After a year it is starting to get really hard and even more creamy. 

After 1 1/2 to 2 years it is a beautiful soap.

If you add 1 tsp of salt ppo it will not be so mushy. It is such a nice soap that it is worth the wait in my opinion.  If you don't have allergies or eczema you can add 1 tsp of honey ppo for more bubbles if that concerns you.


alexanderte said:


> I’m not fully able to grasp the difference, but I sort of understand. Any idea why the water relative to oils instead of water relative to lye is the choice aimed at beginners in SoapCalc? Is there a reason why I _shouldn’t_ think in terms of water relative to lye from the beginning of my soapmaking “career”?
> 
> I’ll try the 1.1 : 1 water–lye ratio tomorrow when doing another attempt at making a castile soap.



There is science behind this and a good explanation from DeeAnna (our resident science teacher) and others:
http://www.soapmakingforum.com/showthread.php?t=53642

It is better to use the "Lye Concentration" as it has more meaning when you actually think about the process. You just have to get used to it.


----------



## TeresaT (Jun 22, 2016)

alexanderte said:


> I’m not fully able to grasp the difference, but I sort of understand. Any idea why the water relative to oils instead of water relative to lye is the choice aimed at beginners in SoapCalc? Is there a reason why I _shouldn’t_ think in terms of water relative to lye from the beginning of my soapmaking “career”?
> 
> *I’ll try the 1.1 : 1 water–lye ratio tomorrow when doing another attempt at making a castile soap*.

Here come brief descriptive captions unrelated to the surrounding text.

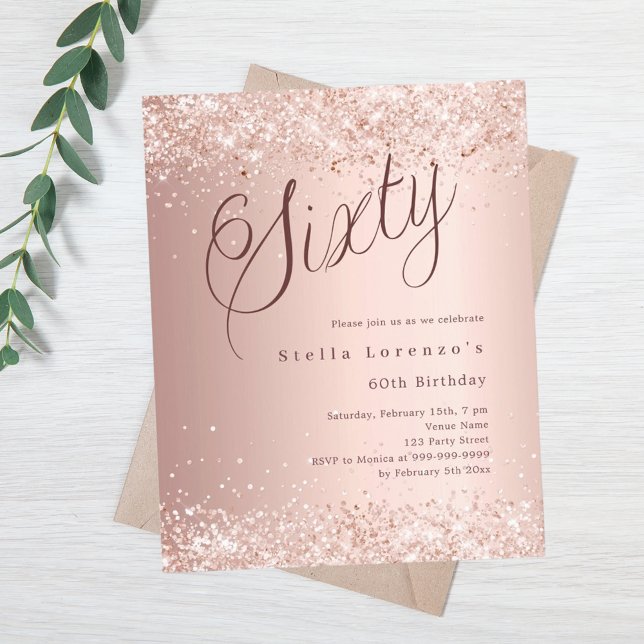 Rose gold script 60th birthday budget invitation (Creator Uploaded)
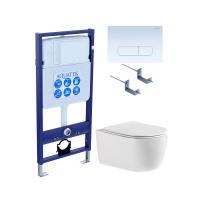 SET AQUATEK ЕВРОПА cmp013 (рама AQUATEK Standard INS-0000012, клавиша KDI-0000013, крепеж KKI-0000002+унитаз ЕВРОПА AQ1106-00 с тонким сиденьем sc) фото в интернет-магазине Русалия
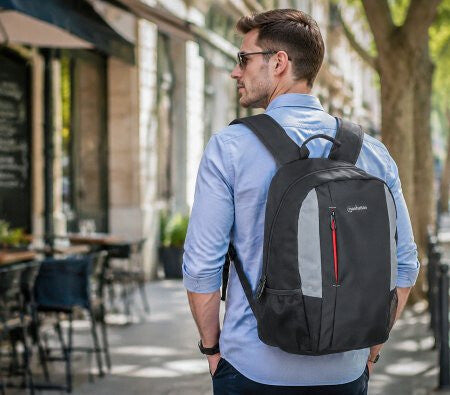 Manhattan York Backpack 16" Black/Grey, Padded Laptop Compartment, Large Front Pocket, Carry Handle, Two External Water Bottle Pockets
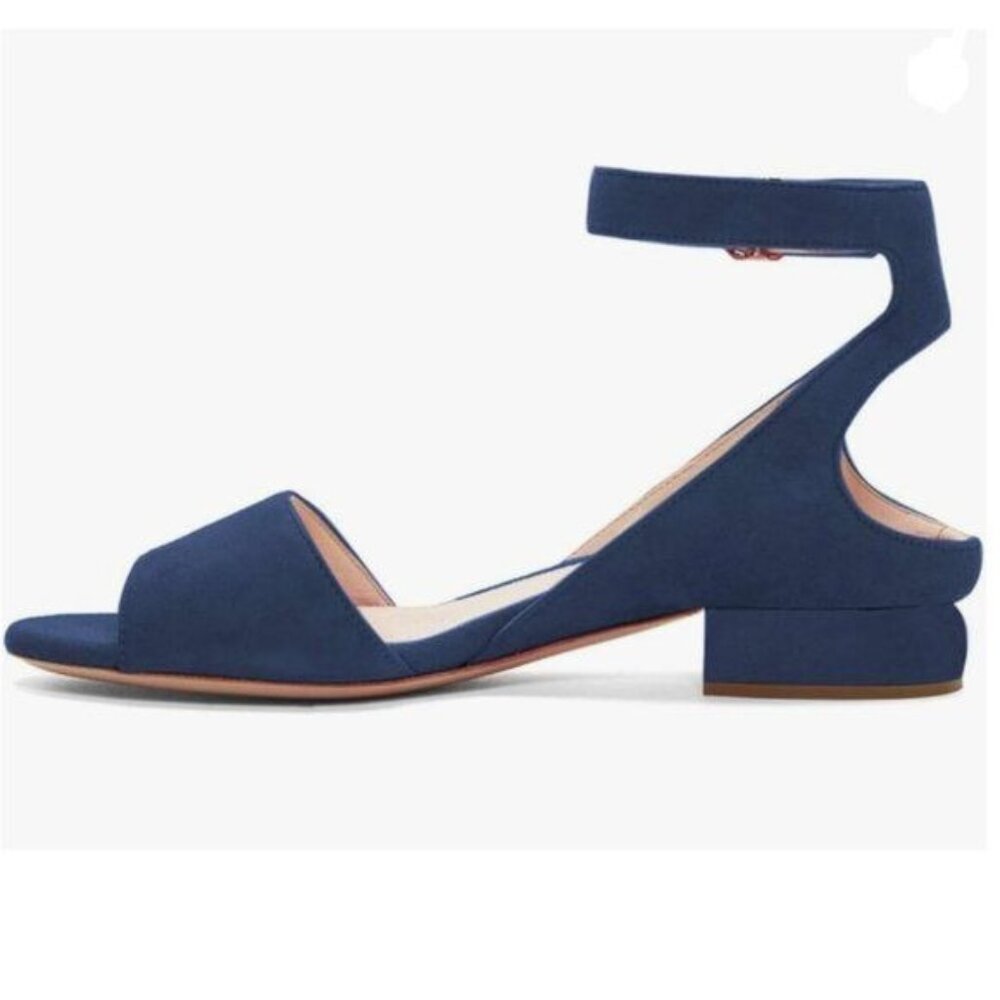 XYD Dark Blue Strappy Low Heel Sandal for Women Open Toe Ankle Strap Shoes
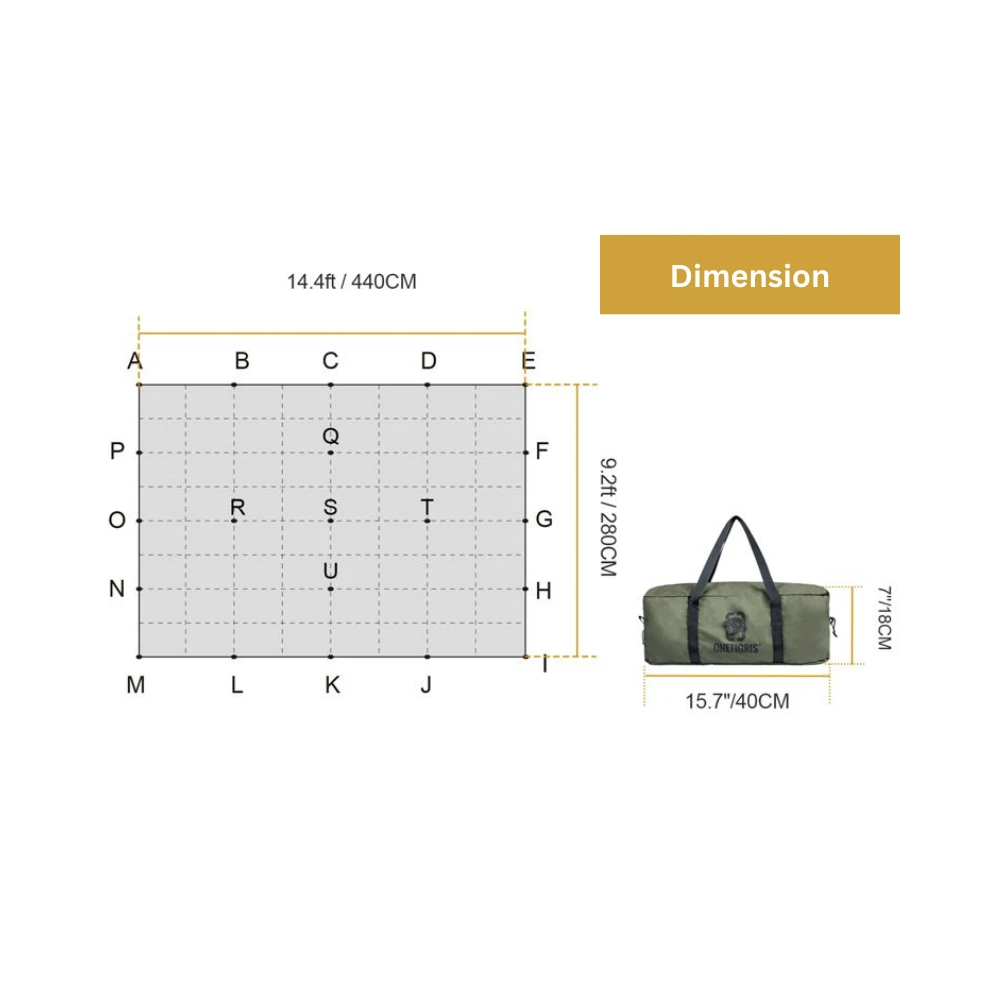 OneTigris FJORD T/C Camping Tarp - Image 2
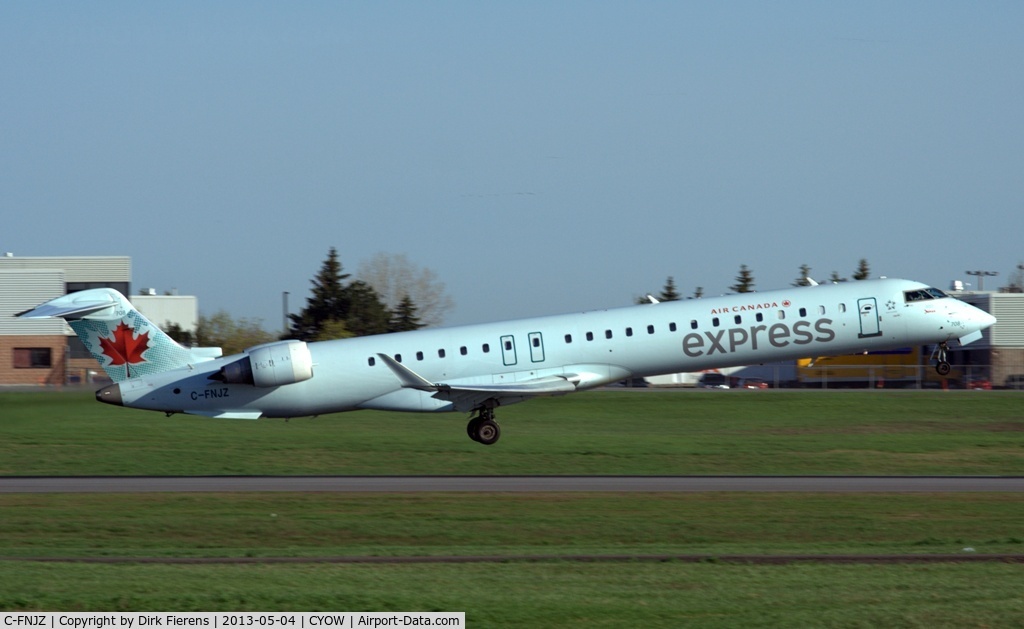 C-FNJZ, 2005 Canadair CRJ-705ER (CL-600-2D15) Regional Jet C/N 15046, Departing from Ottawa on rwy 7.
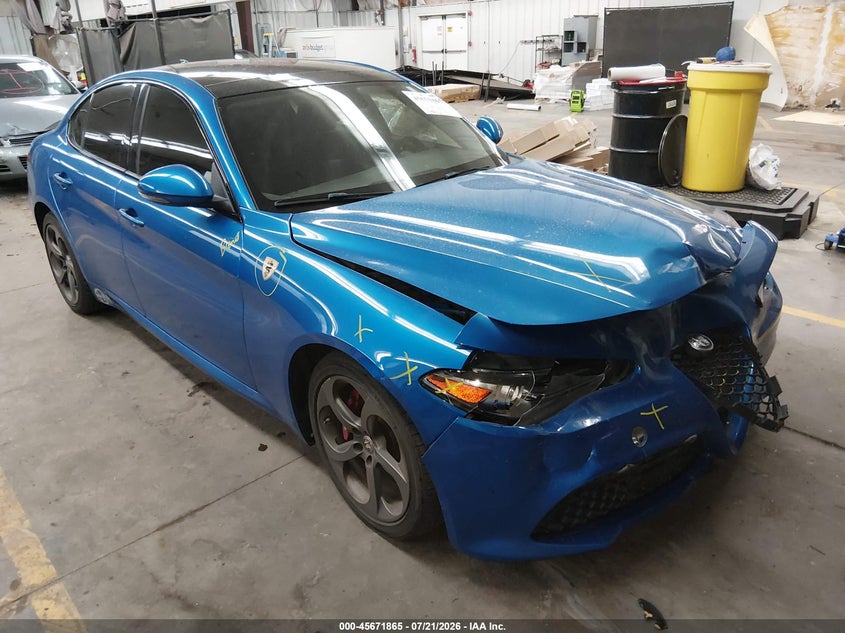 2019 Alfa romeo Giulia VIN ZARFAMAN3K7607020 IAAI salvage auction — FRONT END, Salvage Title, sold $25 on 2026-08-03 (photo 1)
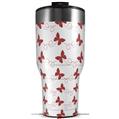 Skin Wrap Decal for 2017 RTIC Tumblers 40oz Pastel Butterflies Red on White (TUMBLER NOT INCLUDED)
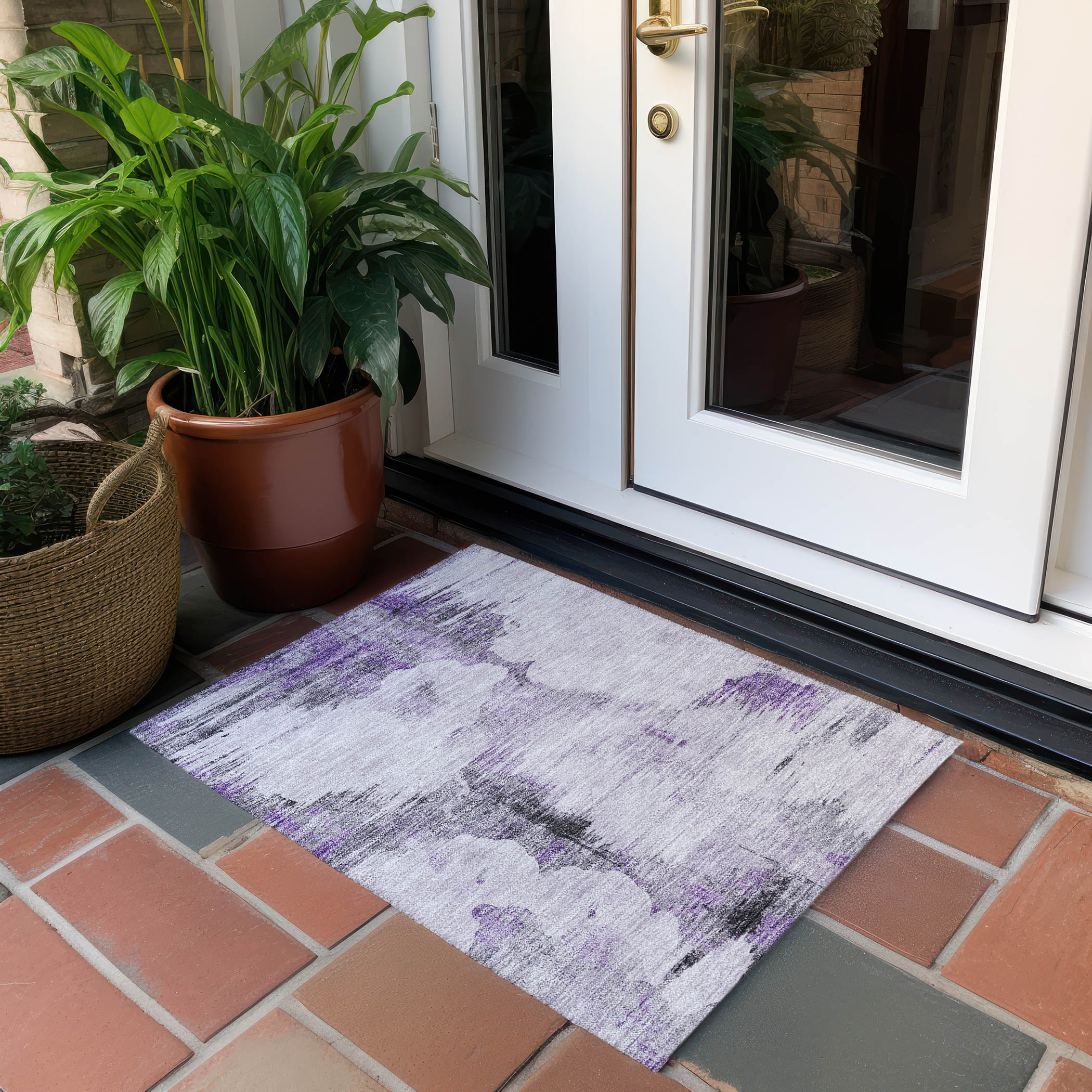 Purple and Gray Synthetic Flat Woven Rectangular Rug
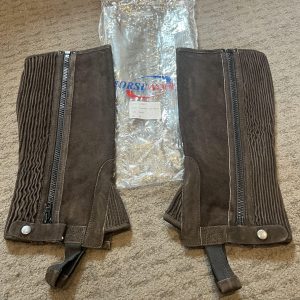 NEW Horseworks Brown Suede Half Chaps - Adults XL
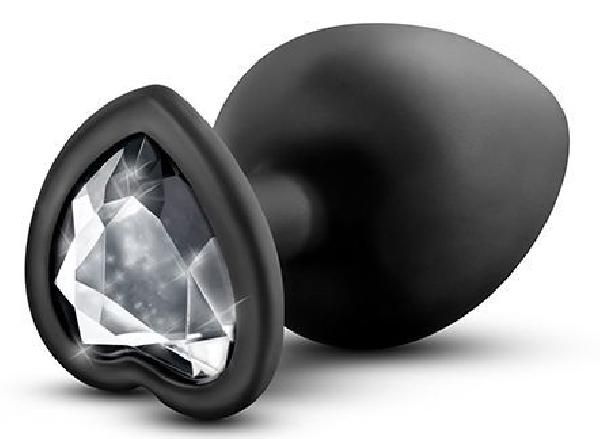Черная анальная пробка с прозрачным стразом-сердечком Bling Plug Large - 9,5 см. от Blush Novelties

I would _not_ recommend using a 50% (1:1) concentration until (1) you have completely read through the thread posted by PenelopeJane wherein DeeAnna explains the science behind the lye concentration and (2) you understand completely the science of lye concentration.  The lye concentrations we regularly use  (26% to 40% as kchaystack pointed out) are extremely strong and quite dangerous.  To use a 50% concentration _without having a specific purpose to do so_ is, in my opinion, asking for trouble.  I am offering this advice to you because I consider myself an "experienced" soaper,  and still managed to burn the crud out of my hands on raw soap. 

I did a zap test on a soap I made and it passed.  So, I washed my hands with the soap.  After about 15 seconds of lathering up, my hands were on FIRE!  I quickly switched the tap to cold and flooded my hands with cool running water for about 5 or 10 minutes. 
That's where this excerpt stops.